- WORK TASK
Take from the entries below the stretch from the line with "Size: 17 KB" through the line with "Career Prospects for", and return it exactly, leaving the pictures out.

- Crawled caption data
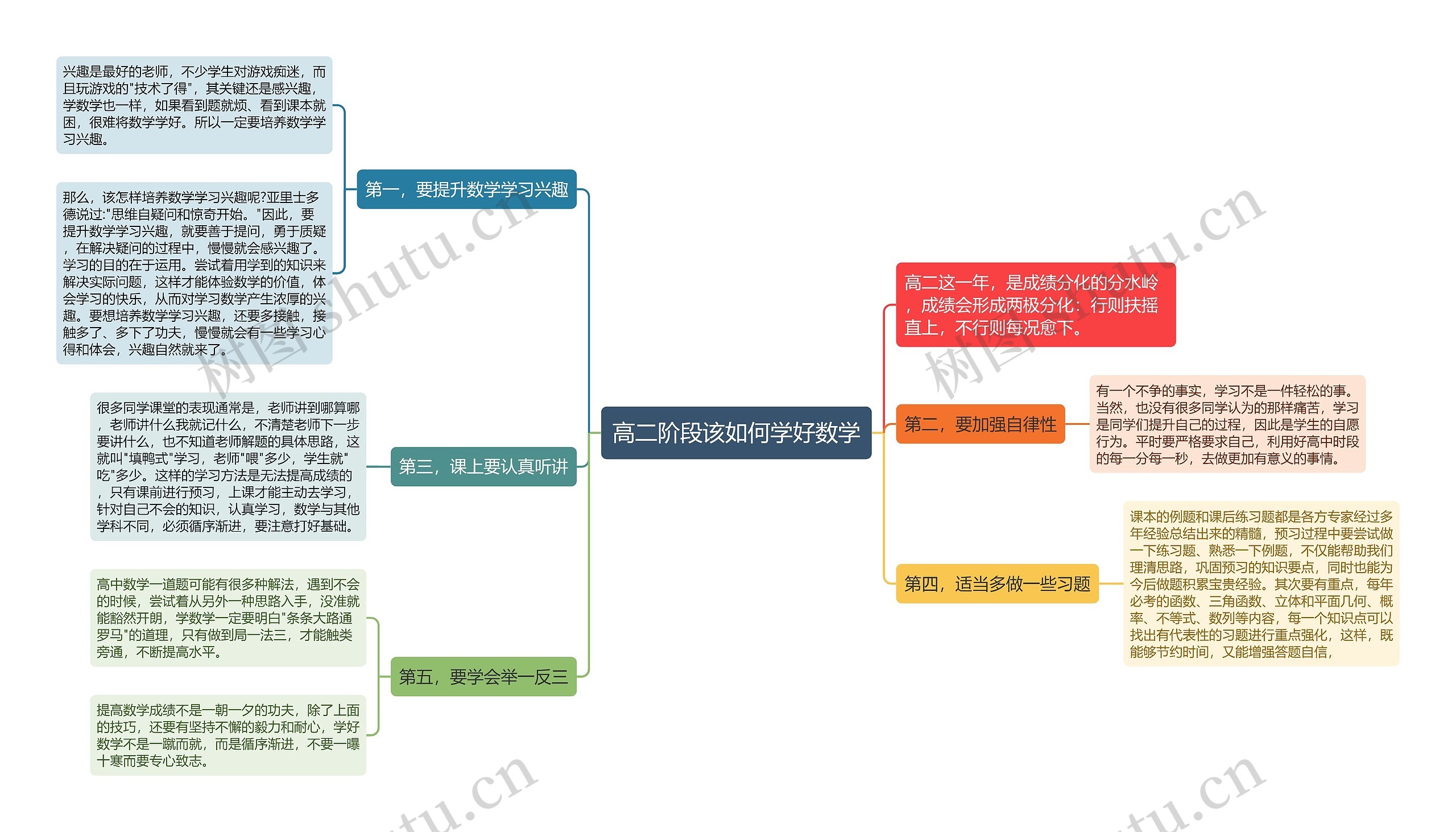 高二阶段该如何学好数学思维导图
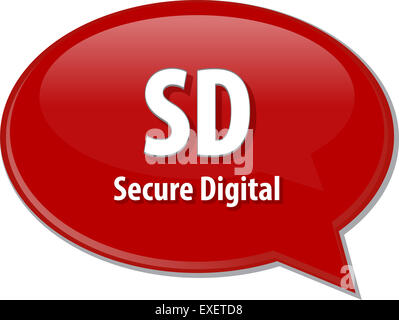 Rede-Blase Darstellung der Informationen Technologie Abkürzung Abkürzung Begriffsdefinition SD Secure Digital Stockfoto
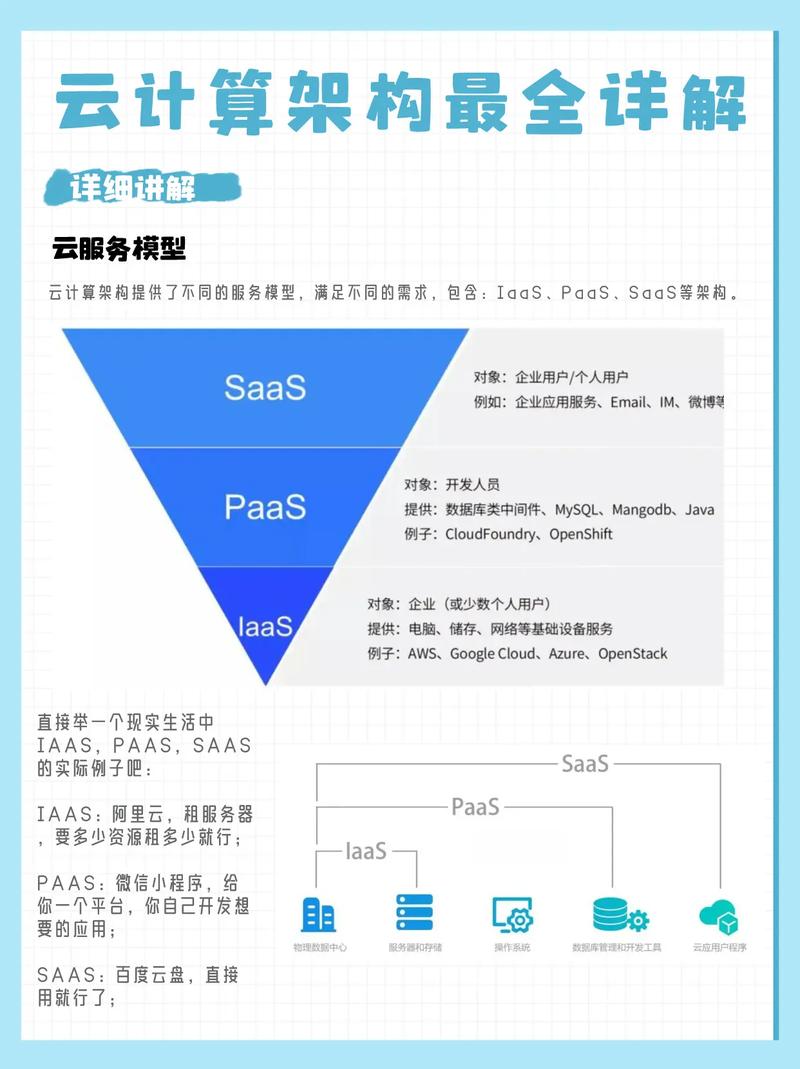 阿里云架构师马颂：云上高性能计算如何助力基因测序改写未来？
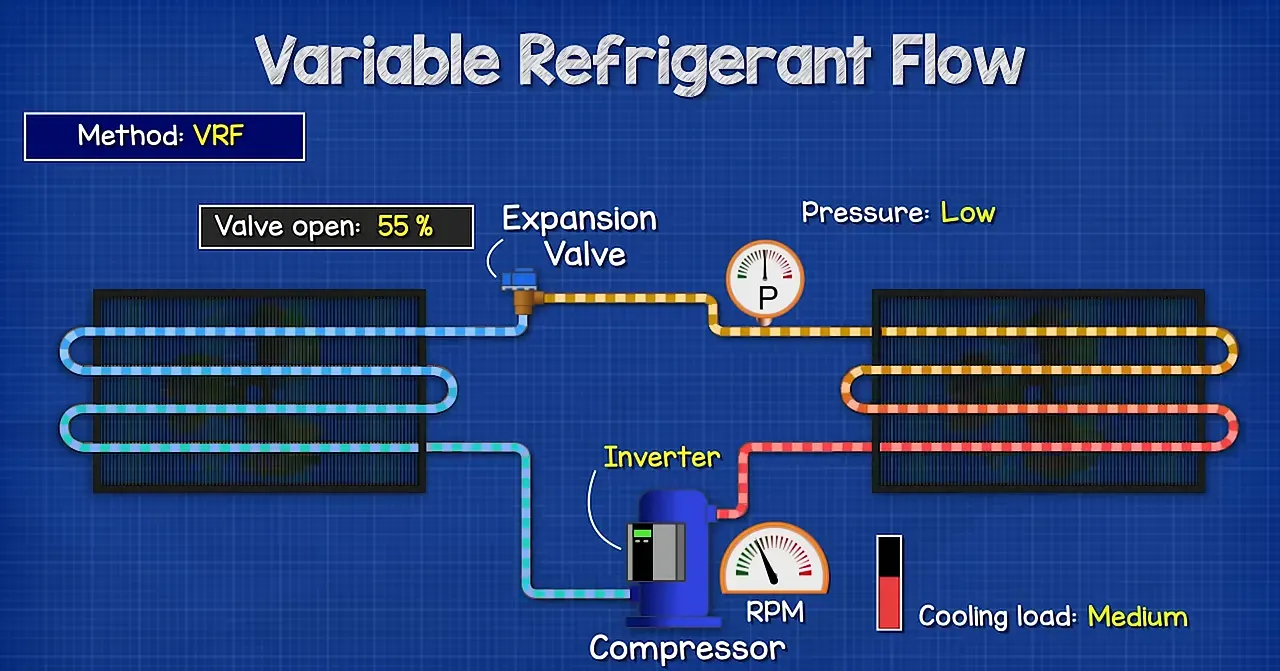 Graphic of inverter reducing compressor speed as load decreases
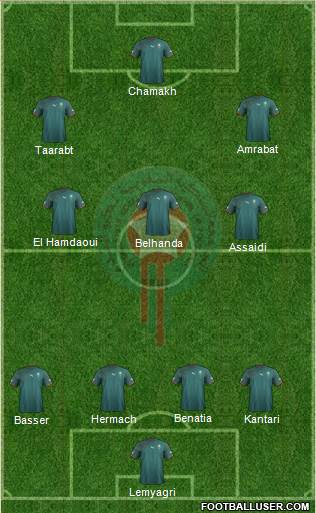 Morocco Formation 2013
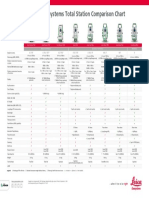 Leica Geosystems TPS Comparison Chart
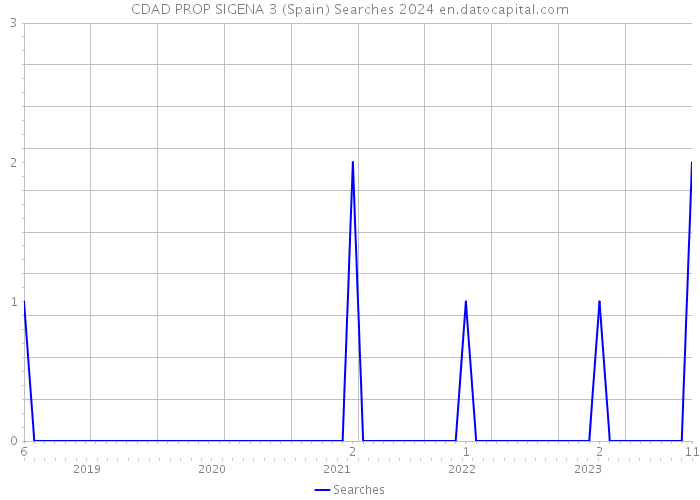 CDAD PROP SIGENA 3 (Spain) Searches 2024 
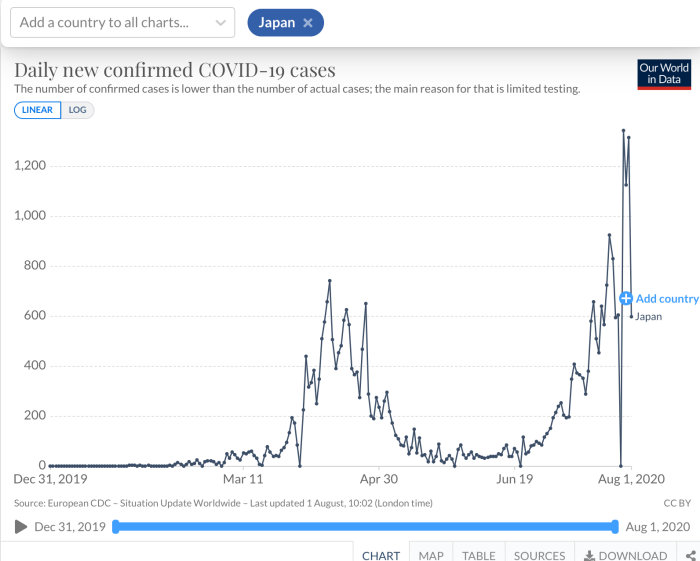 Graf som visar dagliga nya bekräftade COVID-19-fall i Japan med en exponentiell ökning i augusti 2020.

==

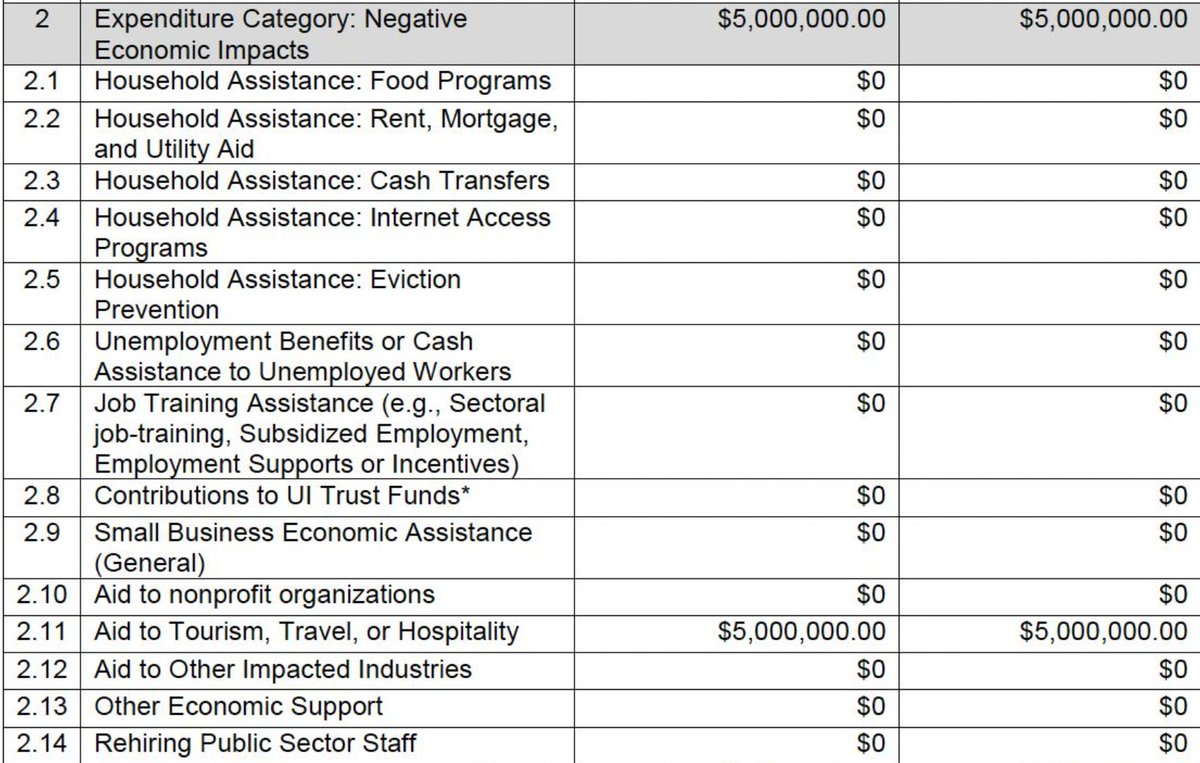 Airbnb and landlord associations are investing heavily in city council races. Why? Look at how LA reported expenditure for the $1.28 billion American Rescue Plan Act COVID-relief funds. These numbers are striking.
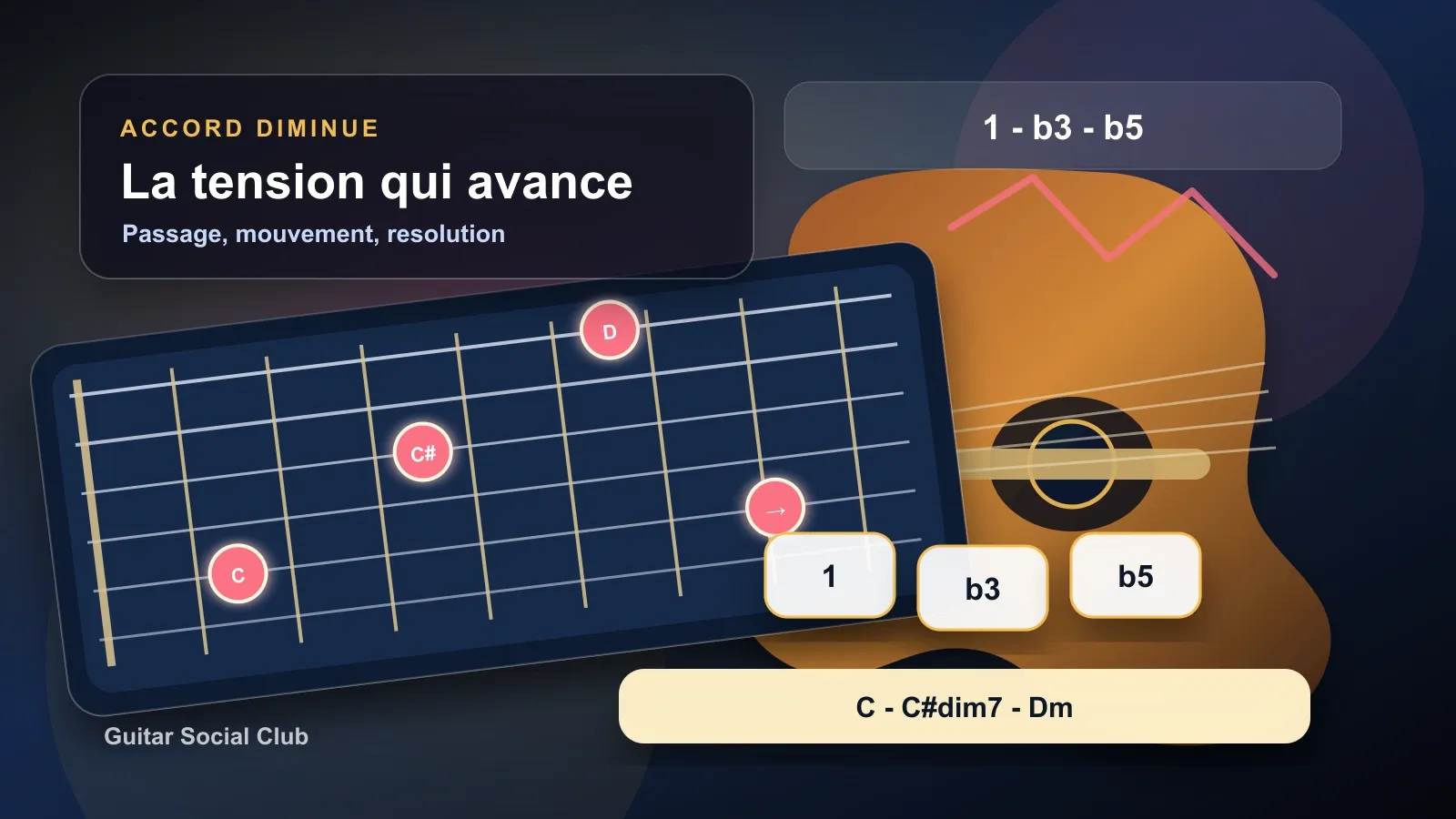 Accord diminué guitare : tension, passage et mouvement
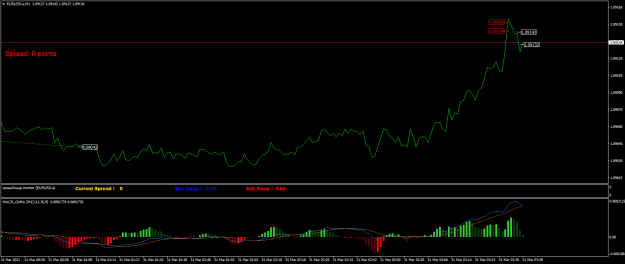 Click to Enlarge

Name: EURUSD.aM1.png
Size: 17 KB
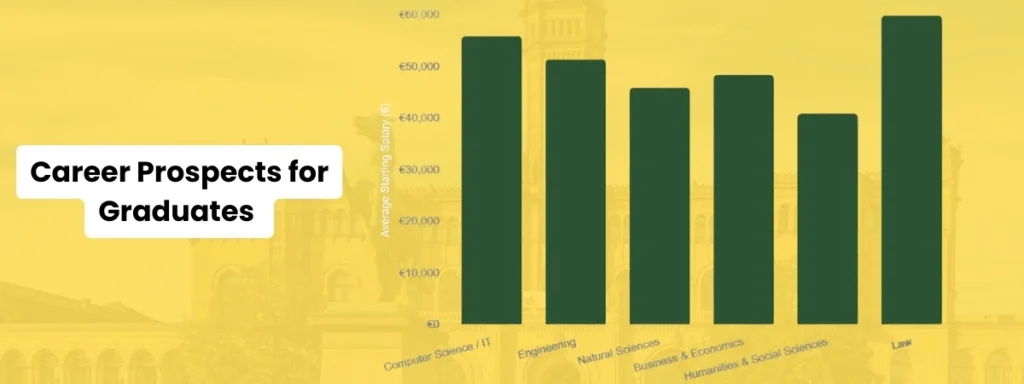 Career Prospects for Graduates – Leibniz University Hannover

- RESPONSE TO THE TASK
Size: 17 KB
 Career Prospects for Graduates – Leibniz University Hannover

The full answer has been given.